Etisalat Nigeria took out a $1.2 billion syndicated loan from a group of 13 local banks four years ago but has defaulted on repayments this year due to a currency crisis and recession in Nigeria.
A banking source told Reuters last week that the central bank had asked lenders involved in the loan to take a 5 percent provision as part of their third-quarter results.
Okonkwo said Fidelity Bank was also raising provisions across its loan book. “We are revising (the non-performing loan ratio) from sub-5 percent to sub-6 percent by end of the year, due to currency conversion and some risk on the oil and gas book,” he told an analysts call held to discuss its nine-month results.
“We have seen some improvements in the transport sector and the consumer book.”
Net loans stood at 753.8 billion naira as of September, up 4.9 percent from a year earlier. The bank was targeting 7.5 percent loan growth this year, Okonkwo said.
Fidelity Bank on Monday posted a pretax profit of 16.24 billion naira for the nine months through September, up from 9.83 billion a year ago.
The Nigerian Senate on Tuesday voted in favour of launching an investigation into the default of Etisalat Nigeria and into how its funds were used.
Nigerian lenders have picked Barclays to try to find new investors for 9mobile, two banking sources told Reuters last week.

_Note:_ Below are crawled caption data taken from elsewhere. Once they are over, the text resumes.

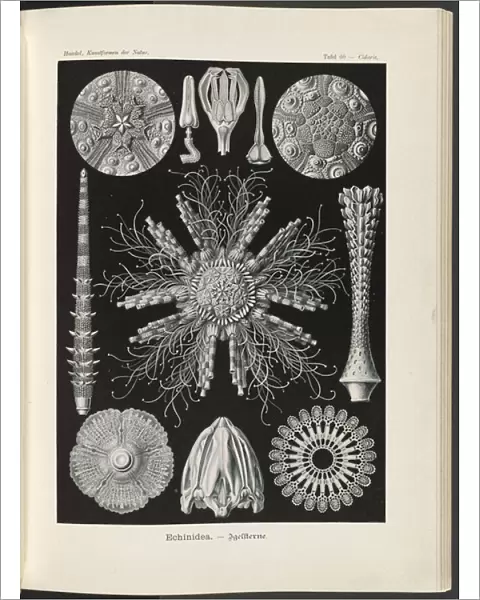 Echinidea: sea urchins and sea dollars, 1904 (colour litho)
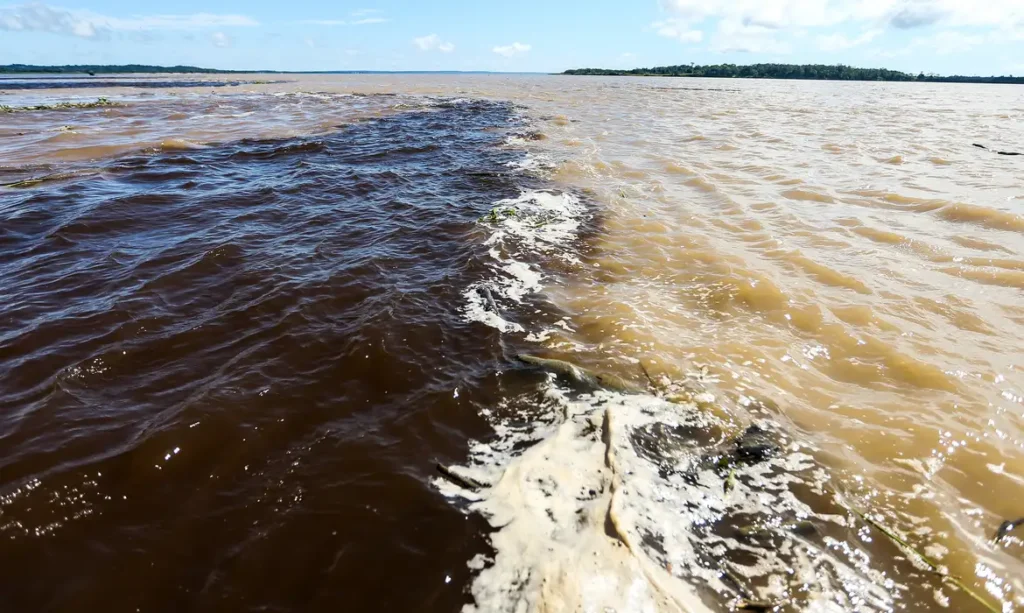 Naufrágio no Amazonas deixa 2 mortos e 7 desaparecidos Naufrágio no Amazonas deixa 2 mortos e 7 desaparecidos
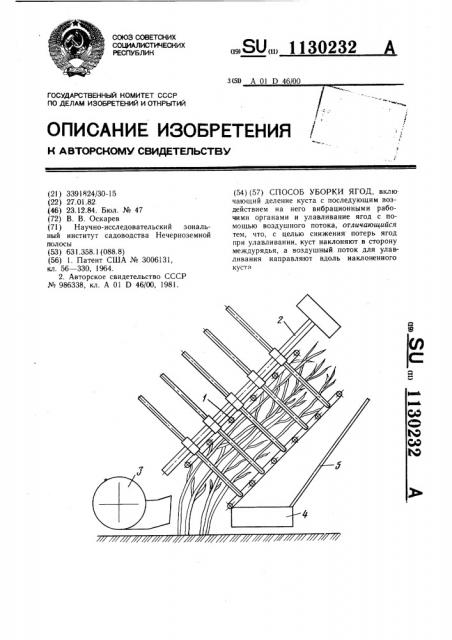 Способ уборки ягод (патент 1130232)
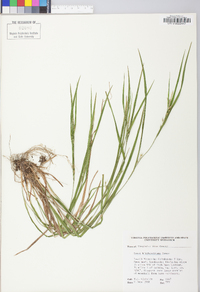 Carex hitchcockiana image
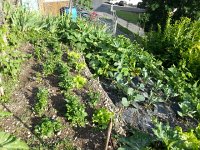 20140701 185559  I will be curious to see the garden condition when we return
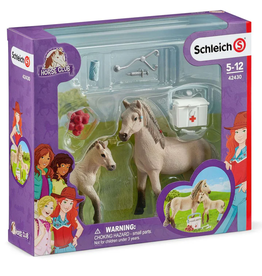 Schleich Horse Club Hannah's first-aid kit 42430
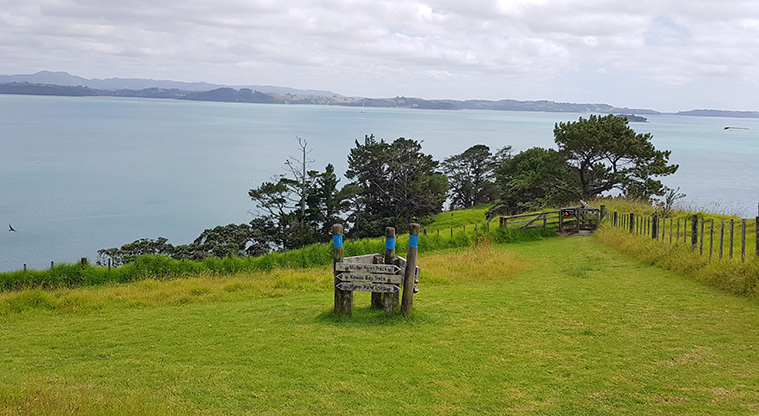 Scandretts Mullet Point Path - Typical section of the path.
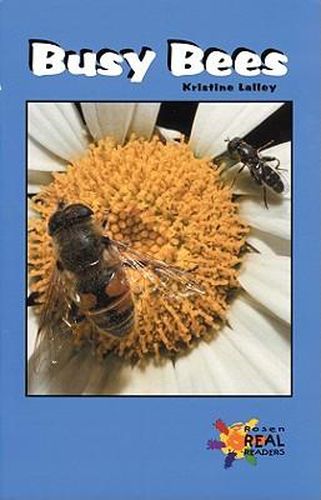 Cover image for Busy Bees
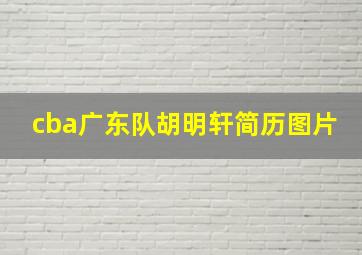 cba广东队胡明轩简历图片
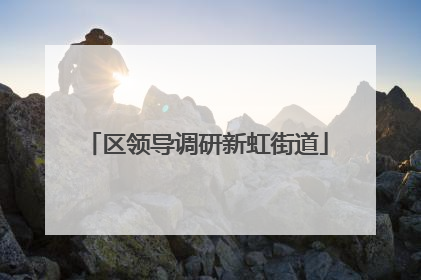 区领导调研新虹街道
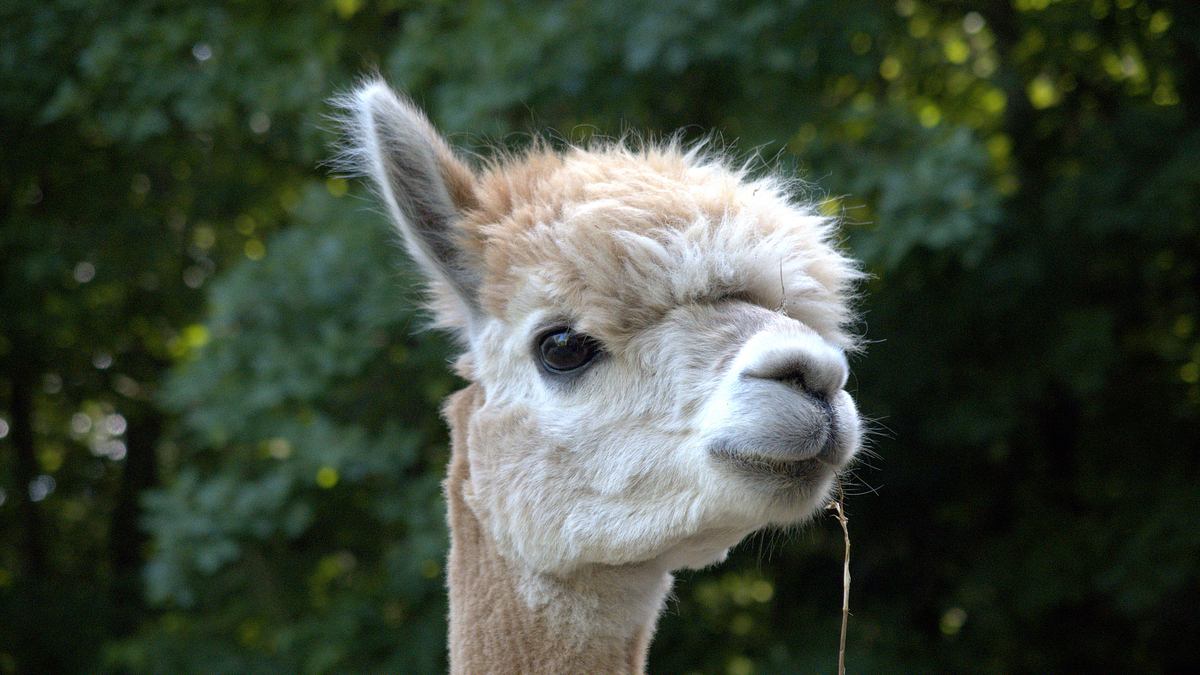 der unglaubliche dr. pol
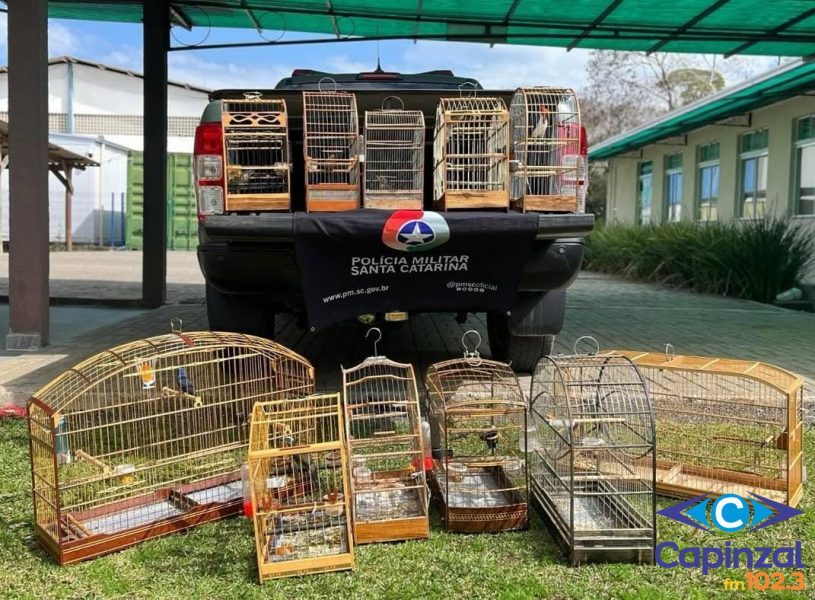 Aves silvestres são resgatadas de cativeiro ilegal pela Polícia Militar Ambiental em Capinzal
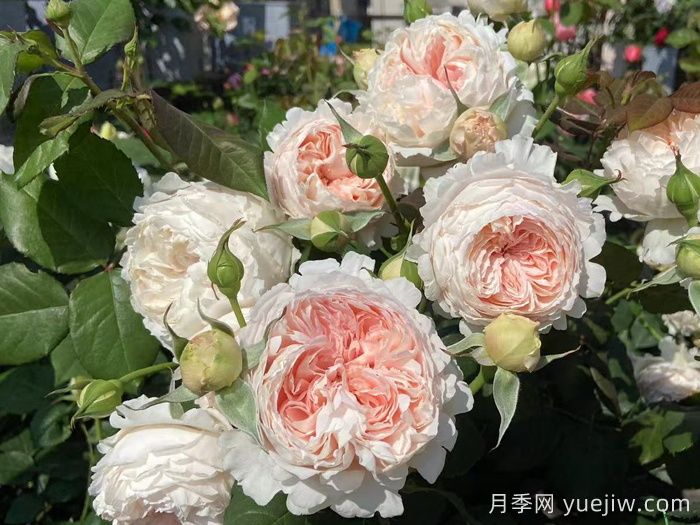 妍姿月季(图3)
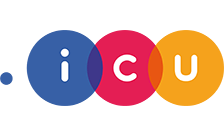 .icu domain image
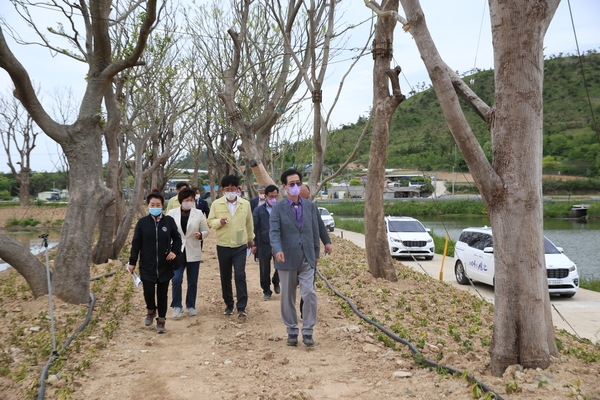 2021.05.11 도초면 팽나무 숲 및 수국공원 방문 1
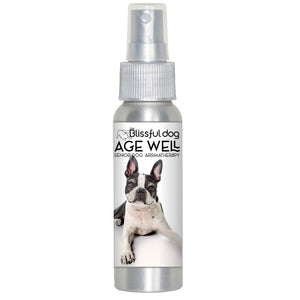 senior boston terrier care
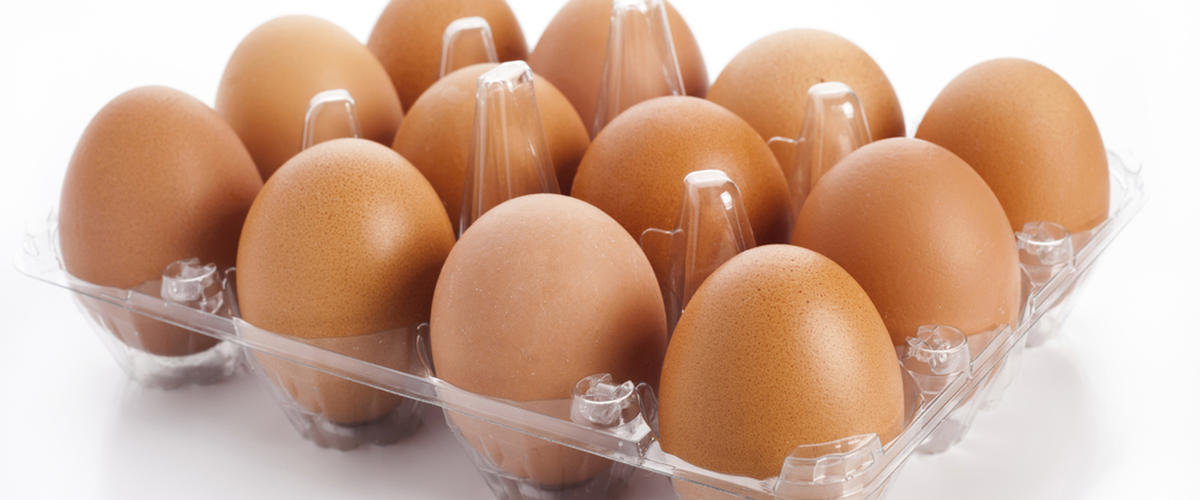 وزارة التجارة تحدّد الأسعار القصوى لبيع البيض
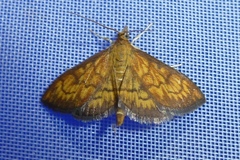 Ecpyrrhorrhoe rubiginalis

Okonkwo also said the bank had submitted details of personal and business accounts that lacked complete identification to the central bank following a court order. He declined to say how many accounts were involved.
A court has ordered a temporary freeze on millions of bank accounts with incomplete identification documents and the forfeiture of funds in those accounts as the government seeks to ensure compliance with money laundering rules.
The bank said it had notified customers about the court ruling and advised them to regularize their accounts.